Plus de soutien équivaut à plus de pouvoir et il vous faudra donc vous entourer de servants et d’hommes prêts à s’encanailler et débattre pour vous, et assumer de plus en plus de rôles. Et il vous faudra les assumer afin de débloquer divers lieux, ces derniers vous permettant d’accroître encore plus votre influence et de pérenniser votre statut au sein de la vie politique parisienne.
Le carnet des doléances est ouvert
Et c’est bien là que la force de We. The Revolution réside : vous estes bien le cœur de l’intrigue. Dans toutes ses manigances empruntes de sentiments humains, de choix dont vous estes l’instigateur et des conclusions qui en résultent, on ressent clairement la besogne réalisée par les auteurs dans la conception de ce ludiciel (ouvrage si vous souhaitez rester dans le ton). L’écriture est soignée et élaborée et retranscrit à merveille les conséquences de nos choix sur l’intrigue, n’hésitant pas à user de thèmes sinistres, mis en scène graphiquement par le biais de phases d’animation à chaque moment tournant, plongeant le joueur dans les tumultes de ses choix au rythme des chapitres, bercé par la voix glaciale du narrateur (qui, tristement, parle en anglais). Non seulement, le titre nous incite à réfléchir très sérieusement à l’impact de nos décisions mais nous les fait payer, aussi bien par les réactions de notre entourage et des factions en lice, que par un système de malus persistant, réduisant nos possibilités lors de la prise de territoire.

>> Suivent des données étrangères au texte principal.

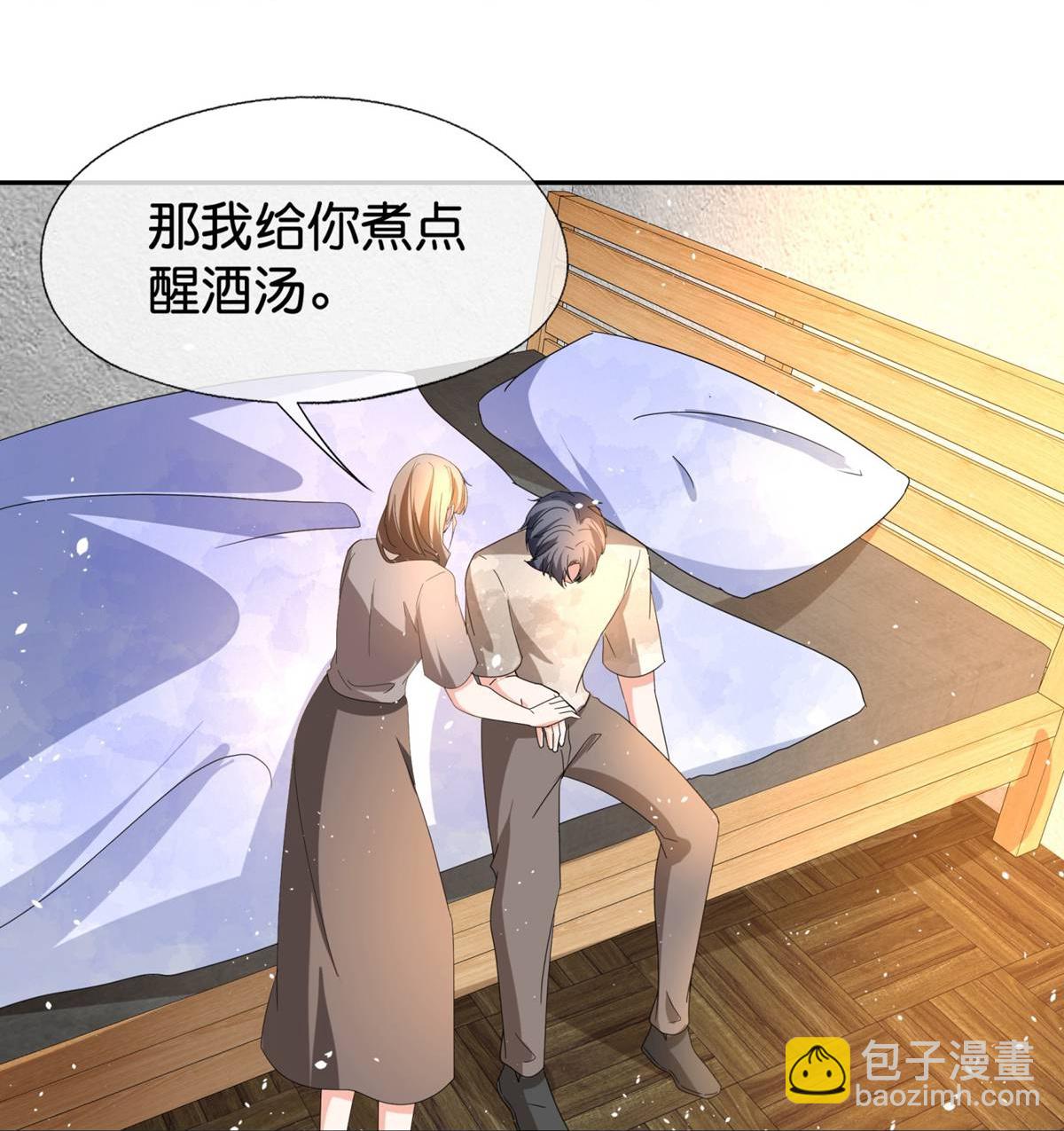 🍛契约冷妻不好惹 第365话 弥天大谎 第19页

Seulement, si autant de travail a été accompli pour réunir et compiler sous le même giron autant d’informations, il auroit été sympathique de présenter à l’utilisateur une partie de ce savoir en proposant une sorte d’encyclopédie une fois le jeu complété. Non seulement il pourrait offrir au joueur la possibilité de s’amuser à faire l’expériences des dénouements possibles mais également de découvrir des routes alternatives, surtout en ce qui concerne donner une 2ème chance à ses gens dont le sang a marqué notre histoire. Il s’agit réellement d’une complainte minime en revanche et rien ne vous empêche de mener vous-même l’enquête et de vous instruire de votre chef quant aux décisions qui furent prises par le passé.

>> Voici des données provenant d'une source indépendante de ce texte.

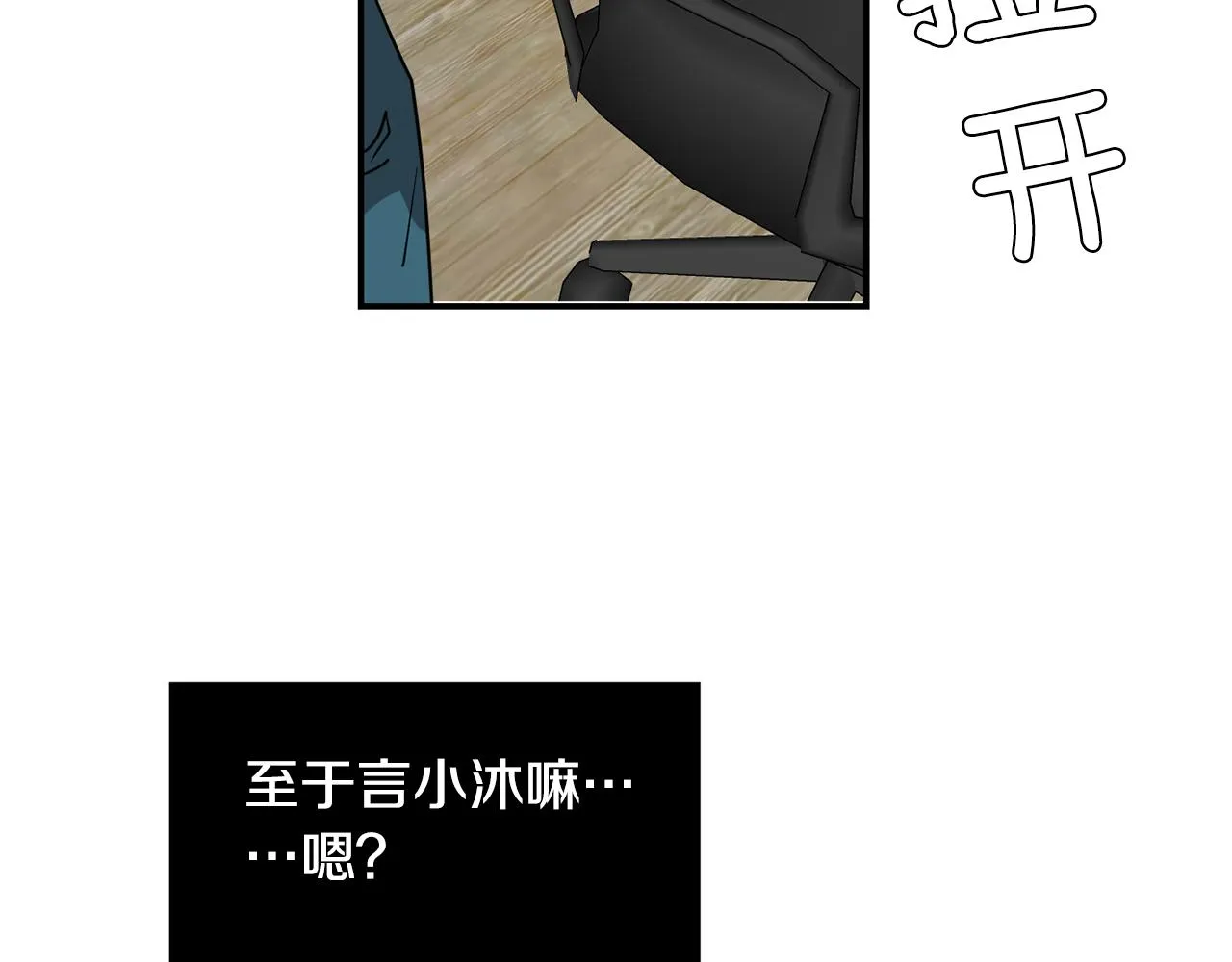 第63话 文件被盗？ 第91页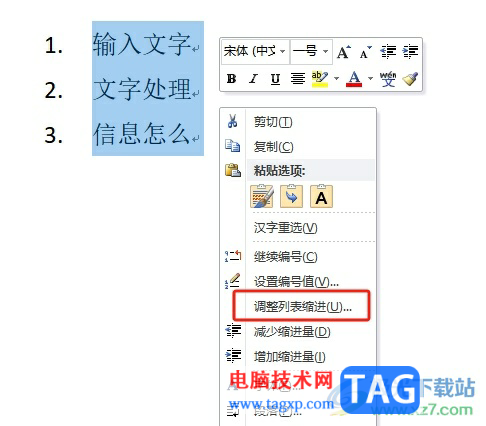 word文档设置编号后面的空格距离的教程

Ce qui est moins minime en revanche, c’est malheureusement la multiplication des jouabilités. Si le jeu se prête bien à l’exercice, vous permettant de passer tantôt de juge à politicien, puis de politicien en petit général, vers la fin du jeu, là où tout les éléments finissent par se superposer les uns aux autres, l’expérience peut sembler alourdie et les enjeux, moins clairs. Entre les passages au Tribunal et la gestion des quartier de Paris, prise entre invasions et affrontement de milices, la jouabilité devient confuse et les décisions que vous prenez perdent de leurs tranchants.
We. The Revolution est un des jeux les plus graves qu’il nous ait été donné de découvrir. Il est avant tout un titre honnête qui se présente sans artifice et fait vivre à son utilisateur une aventure des plus riches dans une des périodes les plus troubles de notre passé, un moment crucial de l’Histoire de l’homme qu’il dépeint de multiples couleurs de gris. Polyslash nous offre ici une expérience captivante et sans concession au cœur de cette fresque et de ces manigances, et si son esthétique et son austérité apparente semble peu engageantes, le récit et les enjeux eux, sauront vous garder sur le bord de votre siège, prêts à danser sur le fil tranchant de la lame de la guillotine qui n’est jamais trop loin de votre nuque.
We. The Revolution est un titre superbe et audacieux à mettre dans les mains de tout fan d’enquête, et pourquoi pas, à des non-joueurs, férus de littérature et d’Histoire.